Let’s play again our rollback transaction to get effective LSN numbers:
testdb=> truncate logged_table ;
TRUNCATE TABLE
testdb=> begin;
BEGIN
testdb=*> select pg_walfile_name( pg_current_wal_lsn() ),
pg_current_wal_lsn(),
pg_size_pretty( pg_relation_size( 'logged_table' ) ),
pg_size_pretty( pg_relation_size( 'logged_table_pkey' ) );
pg_walfile_name | pg_current_wal_lsn | pg_size_pretty | pg_size_pretty
--------------------------|--------------------|----------------|----------------
0000000700000016000000C3 | 16/C3E18BB0 | 0 bytes | 8192 bytes
(1 riga)
testdb=*> insert into logged_table( t ) values( 'a single record' );
INSERT 0 1
testdb=*> select pg_walfile_name( pg_current_wal_lsn() ),
pg_current_wal_lsn(),
pg_size_pretty( pg_relation_size( 'logged_table' ) ),
pg_size_pretty( pg_relation_size( 'logged_table_pkey' ) );
pg_walfile_name | pg_current_wal_lsn | pg_size_pretty | pg_size_pretty
--------------------------|--------------------|----------------|----------------
0000000700000016000000C3 | 16/C3E18BB0 | 8192 bytes | 16 kB
(1 riga)
testdb=*> rollback;
ROLLBACK
testdb=> select pg_walfile_name( pg_current_wal_lsn() ),
pg_current_wal_lsn(),
pg_size_pretty( pg_relation_size( 'logged_table' ) ),
pg_size_pretty( pg_relation_size( 'logged_table_pkey' ) );
pg_walfile_name | pg_current_wal_lsn | pg_size_pretty | pg_size_pretty
--------------------------|--------------------|----------------|----------------
0000000700000016000000C3 | 16/C3E18D48 | 8192 bytes | 16 kB
(1 riga)
testdb=> select pg_size_pretty( '16/C3E18D48'::pg_lsn - '16/C3E18BB0'::pg_lsn );
pg_size_pretty
----------------
408 bytes
(1 riga)
Why inserting asingle tuple this time? Because when using
pg_waldump the system is going to produce a very verbose output and I don’t want to mess with a ton of INSERTs.

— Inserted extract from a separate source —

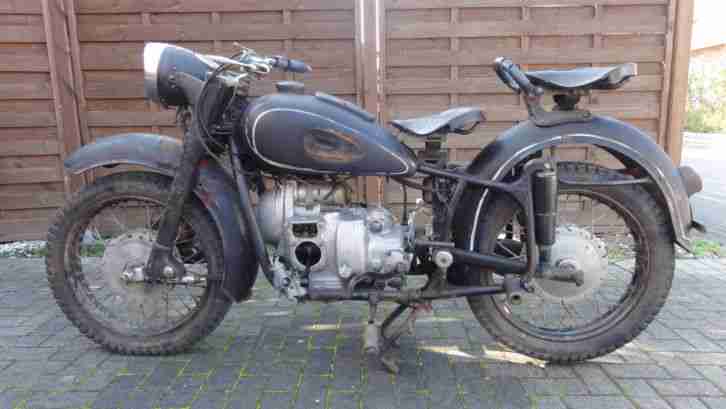 Ural Dnepr Gespann K750 MW750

The above generated a very small amount of WAL traffic,
408 bytes exactly. Let’s inspect what is in the WALs by means of pg_waldump:
% sudo -u postgres /usr/pgsql-13/bin/pg_waldump -p $PGDATA/pg_wal -s 16/C3E18BB0 -e 16/C3E18D48 -t 7
rmgr: Heap tx: 3562600, lsn: 16/C3E18BB0, prev 16/C3E18B50, desc: INSERT+INIT off 1 flags 0x00, blkref #0: rel 1663/89735/89935 blk 0
rmgr: Btree tx: 3562600, lsn: 16/C3E18C00, prev 16/C3E18BB0, desc: NEWROOT lev 0, blkref #0: rel 1663/89735/89937 blk 1, blkref #2: rel 1663/89735/89937 blk 0
rmgr: Btree tx: 3562600, lsn: 16/C3E18C68, prev 16/C3E18C00, desc: INSERT_LEAF off 1, blkref #0: rel 1663/89735/89937 blk 1
rmgr: Transaction tx: 3562600, lsn: 16/C3E18CA8, prev 16/C3E18C68, desc: ABORT 2021-07-13 04:59:03.235599 EDT
I’ve removed part of the information to better fit the screen size.
The first entry on the top is the execution of the
INSERT statement, followed by two entries that create the values in the index, and last there is the ABORT, that is the ROLLBACK statement.
As you can see, every record has the clear indication of what LSN it is by means of the
lsn field, as well as pointer to its previous record (i.e., the previous LSN offset). This way allows PostgreSQL to read the WAL stream from the end and go back in history to get the exact boundaries of a piece of work.